If the stock market's dizzying spins give you and your savings portfolio the jitters, Treasury bonds may be the anchor you're looking for.
For safety, they are unparalleled. They represent a loan to the United States of America, which backs them with the full faith and credit of the US Treasury.
But until recently, high safety carried low returns.
With yields on T-bonds and bills have edged higher, investors have an unusual window to combine both safety and return. Treasury bonds now pay about 6.9 percent; two weeks ago they touched 7.15 percent. Stocks, by comparison, return around 10 percent, and can lose money.
Several top investment houses are now drawing attention to Treasuries. "We're not necessarily recommending investors buy bonds, but we are saying that they now look very attractive," says Mitchell Held, chief economist at Smith, Barney. "The [30-year] long bond will probably fall to around 6.5 percent before the year is over," which makes current rates attractive.
Timing is important, says Robert Heady of Bank Rate Monitor in North Palm Beach, Fla.
"If you believe that rates are going to be rising ... you probably want to 'go short,' that is, buy instruments of shorter maturities now, and then lock in a higher rate later [on longer-term issues]. If you believe rates will be declining, then you might want to 'go long' and buy longer-term issues now."
Treasury securities are especially appealing at a time of rate uncertainty. While the bonds pay a slightly lower rate than top-grade corporate issues, they are exempt from state and local taxes.

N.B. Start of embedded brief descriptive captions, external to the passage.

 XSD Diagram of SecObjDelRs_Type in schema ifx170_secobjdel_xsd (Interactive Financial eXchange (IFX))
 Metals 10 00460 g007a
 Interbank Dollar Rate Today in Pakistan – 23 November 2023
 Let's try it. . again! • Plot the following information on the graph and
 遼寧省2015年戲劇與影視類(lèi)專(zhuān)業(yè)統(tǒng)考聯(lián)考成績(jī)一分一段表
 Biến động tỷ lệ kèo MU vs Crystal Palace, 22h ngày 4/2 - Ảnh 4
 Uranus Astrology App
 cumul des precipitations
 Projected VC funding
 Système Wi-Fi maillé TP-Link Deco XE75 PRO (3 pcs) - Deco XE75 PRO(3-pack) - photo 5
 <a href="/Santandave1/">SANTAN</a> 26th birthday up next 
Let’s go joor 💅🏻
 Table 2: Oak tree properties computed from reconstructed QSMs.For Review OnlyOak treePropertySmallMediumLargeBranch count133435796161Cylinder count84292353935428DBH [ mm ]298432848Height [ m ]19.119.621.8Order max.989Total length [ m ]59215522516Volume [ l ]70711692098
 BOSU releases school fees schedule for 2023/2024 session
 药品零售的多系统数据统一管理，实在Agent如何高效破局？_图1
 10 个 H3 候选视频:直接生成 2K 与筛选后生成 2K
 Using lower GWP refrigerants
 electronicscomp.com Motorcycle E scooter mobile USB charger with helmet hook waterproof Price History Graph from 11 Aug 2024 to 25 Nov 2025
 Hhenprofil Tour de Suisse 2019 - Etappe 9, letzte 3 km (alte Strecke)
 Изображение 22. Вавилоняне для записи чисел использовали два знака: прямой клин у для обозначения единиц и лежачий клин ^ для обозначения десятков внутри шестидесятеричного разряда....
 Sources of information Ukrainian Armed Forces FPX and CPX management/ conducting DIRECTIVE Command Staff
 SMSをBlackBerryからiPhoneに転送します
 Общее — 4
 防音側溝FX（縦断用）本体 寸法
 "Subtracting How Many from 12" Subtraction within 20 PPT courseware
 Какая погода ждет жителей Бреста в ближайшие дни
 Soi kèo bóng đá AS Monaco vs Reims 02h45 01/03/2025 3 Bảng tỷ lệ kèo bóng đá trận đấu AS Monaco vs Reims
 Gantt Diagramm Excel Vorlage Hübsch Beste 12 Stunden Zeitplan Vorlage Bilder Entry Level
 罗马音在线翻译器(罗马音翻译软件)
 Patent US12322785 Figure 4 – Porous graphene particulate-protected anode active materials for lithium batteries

For investors in high tax brackets, total return can equal or exceed return for nongovernment bonds.
Treasuries, however, do carry some risk. Their "profit," total return, comes from price appreciation plus earned interest. Whenever interest rates rise, bond prices drop; so if you sell before maturity, you could take a loss.
The risk can be particularly pronounced with bond mutual funds because your investment never really matures. The fund owns a variety of bonds with a variety of maturity dates. Bond prices change daily, reflecting market conditions. So you can lose money if you sell a shares in a bond fund while rates are rising. In 1994, for example, US Treasury bond funds lost more than 6 percent.
If individual bonds seem the better choice, you can buy a Treasury issue through a bank or brokerage house. Commissions run between $50 and $100. Or you can buy directly from Uncle Sam, who charges no commission (see story, left).
Treasury securities come in bills, notes, and bonds.
*Bills mature in one year or less. Minimum: $10,000.
*Notes mature in one to 10 years. Minimum for two- and three-year issues: $5,000, with additional increments of $1,000. Notes of five years or longer carry minimums of $1,000.
*Bonds mature in 10 to 30 years. Minimum: $1,000.
BUY DIRECT AND SAVE
To buy a Treasury security directly from Uncle Sam:
Call your local Treasury office or 202-874-4000 to request a new account or ask about auction dates.
If you know exactly which security you want to buy, ask for a "tender form." The form asks about a "competitive" or "noncompetitive" bid. Newcomers should generally pick a noncompetitive bid, which means they receive the average interest rate at the auction.
For a three-month T-bill, send $10,000 in a certified check. For other Treasuries, a personal or certified check is fine.
Your account becomes a computerized listing. You will not receive an actual "security."
Whenever something occurs within your account, such as an interest payment, your rich Uncle sends you a statement.